The sports bodies incline towards the former interpretation. They are grateful to the Prime Minister for giving physical education a higher profile than it has had since 1937, when school PT was made compulsory. Grateful, too, that no more school playing fields are likely to be sold, even though it was a Conservative government that in 1982 introduced the notorious DES Regulation 909 that permitted such sales.

But, understandably, the welcome from the teacher unions has been muted. They cannot oppose the notion that two timetabled hours should be earmarked for PE each week - our schools allocate less time to sport than any Western European country apart from the Republic of Ireland. But naturally they do not see why teachers should provide another four hours of extra-curricular sport without a guarantee of recompense or any reduction in their other duties. Even the former sports minister Iain Sproat who, ludicrously, suggested that teachers should work an extra 10 hours a week in the service of PE, had the decency to offer a hypothetical Pounds 500 in return (more than Pounds 1 an hour!).

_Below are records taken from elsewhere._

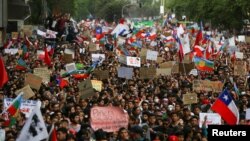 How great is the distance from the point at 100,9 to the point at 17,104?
11683 centimetres

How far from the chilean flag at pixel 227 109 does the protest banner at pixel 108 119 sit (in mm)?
1843

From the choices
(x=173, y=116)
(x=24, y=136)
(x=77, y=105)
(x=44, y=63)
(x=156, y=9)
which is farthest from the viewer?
(x=156, y=9)

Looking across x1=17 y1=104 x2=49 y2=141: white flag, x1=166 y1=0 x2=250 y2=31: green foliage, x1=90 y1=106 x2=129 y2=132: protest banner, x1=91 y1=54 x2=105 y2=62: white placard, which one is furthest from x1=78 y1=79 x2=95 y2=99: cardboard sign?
x1=166 y1=0 x2=250 y2=31: green foliage

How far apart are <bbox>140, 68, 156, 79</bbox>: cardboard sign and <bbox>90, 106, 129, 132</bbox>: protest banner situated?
26.8 feet

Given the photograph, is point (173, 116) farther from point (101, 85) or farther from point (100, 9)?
point (100, 9)

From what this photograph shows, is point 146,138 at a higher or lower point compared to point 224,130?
lower

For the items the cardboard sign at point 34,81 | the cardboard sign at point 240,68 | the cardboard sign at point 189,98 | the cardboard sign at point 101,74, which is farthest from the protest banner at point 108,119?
the cardboard sign at point 240,68

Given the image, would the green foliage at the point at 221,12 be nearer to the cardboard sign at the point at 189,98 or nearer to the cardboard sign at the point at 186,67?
the cardboard sign at the point at 186,67

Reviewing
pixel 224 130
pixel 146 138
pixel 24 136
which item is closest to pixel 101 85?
pixel 146 138

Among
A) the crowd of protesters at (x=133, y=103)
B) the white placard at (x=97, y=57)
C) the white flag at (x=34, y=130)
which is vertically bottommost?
the crowd of protesters at (x=133, y=103)

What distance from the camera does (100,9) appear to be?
12862cm

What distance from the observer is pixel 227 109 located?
40.6ft

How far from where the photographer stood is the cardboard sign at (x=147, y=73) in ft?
64.6

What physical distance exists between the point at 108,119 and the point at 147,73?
27.7 ft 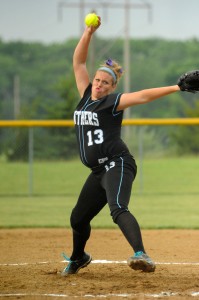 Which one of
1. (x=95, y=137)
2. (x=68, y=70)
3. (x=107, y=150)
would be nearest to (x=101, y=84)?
(x=95, y=137)

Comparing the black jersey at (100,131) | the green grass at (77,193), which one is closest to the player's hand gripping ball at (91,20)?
the black jersey at (100,131)

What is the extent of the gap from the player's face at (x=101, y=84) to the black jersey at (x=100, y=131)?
6cm

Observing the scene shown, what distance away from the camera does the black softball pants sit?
230 inches

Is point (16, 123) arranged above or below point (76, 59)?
below

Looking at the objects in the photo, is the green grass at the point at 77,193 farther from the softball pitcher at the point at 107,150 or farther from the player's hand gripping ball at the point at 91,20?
the player's hand gripping ball at the point at 91,20

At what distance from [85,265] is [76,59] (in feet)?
5.79

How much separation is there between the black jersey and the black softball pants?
96 millimetres

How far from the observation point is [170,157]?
22.6m

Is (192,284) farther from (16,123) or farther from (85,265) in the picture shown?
(16,123)

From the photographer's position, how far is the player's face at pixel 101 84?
19.8 ft

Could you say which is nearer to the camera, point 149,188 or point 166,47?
point 149,188

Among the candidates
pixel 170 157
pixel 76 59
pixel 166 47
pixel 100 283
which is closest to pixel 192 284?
pixel 100 283

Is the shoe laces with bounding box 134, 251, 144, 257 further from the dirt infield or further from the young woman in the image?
the dirt infield

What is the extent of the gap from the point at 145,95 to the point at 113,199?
0.84m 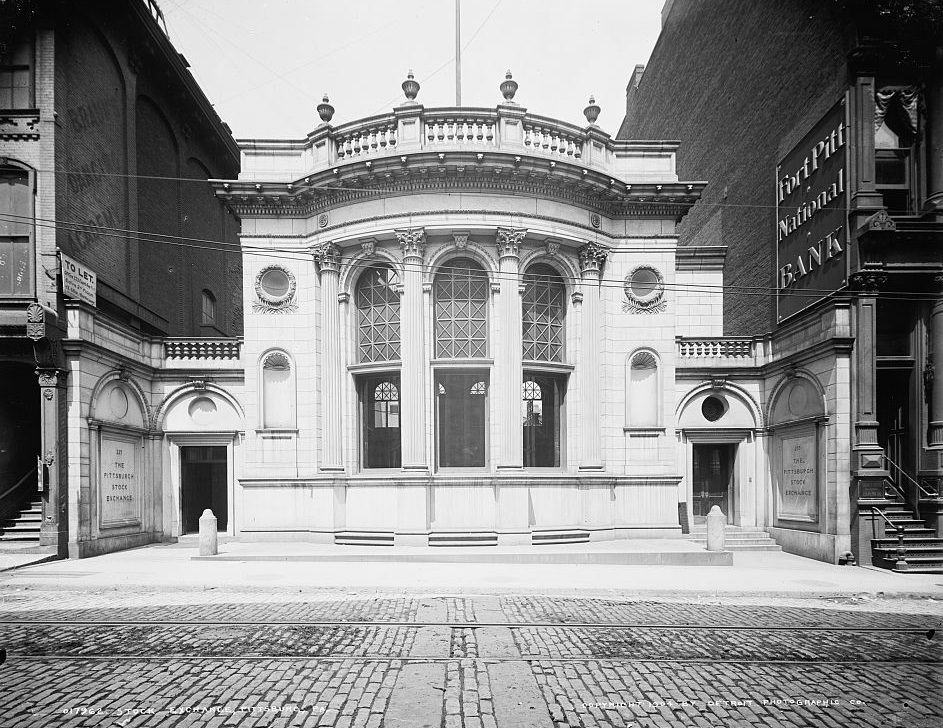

But, to add insult to these injuries, there has been virtually no recognition of the unpaid hours teachers already devote to sport. Secondary PE staff put in seven extra hours a week, according to a recent Loughborough University survey.

Non-specialist teachers may be less inclined to help out than they once were, but they too are investing many “free” hours in PE - a point that was eloquently made by the Crystal Palace sports meeting for 2,500 primary children which took place on the very day Mr Major highlighted the lack of school sport.

Nevertheless, it is a fact that the biggest challenges facing school PE are at primary level. Ninety per cent of primary PE lessons are taken by non- specialists who may have had only 10 hours of sports training during their PGCE course. Mr Major was right to insist that this must change, but he was almost silent on the equally important need for in-service training, which hard-pressed LEAs are not always able to provide. His Pounds 100 million academy for elite performers may eventually provide handsome dividends, but some practical help for primary staff could prove to be an even better investment.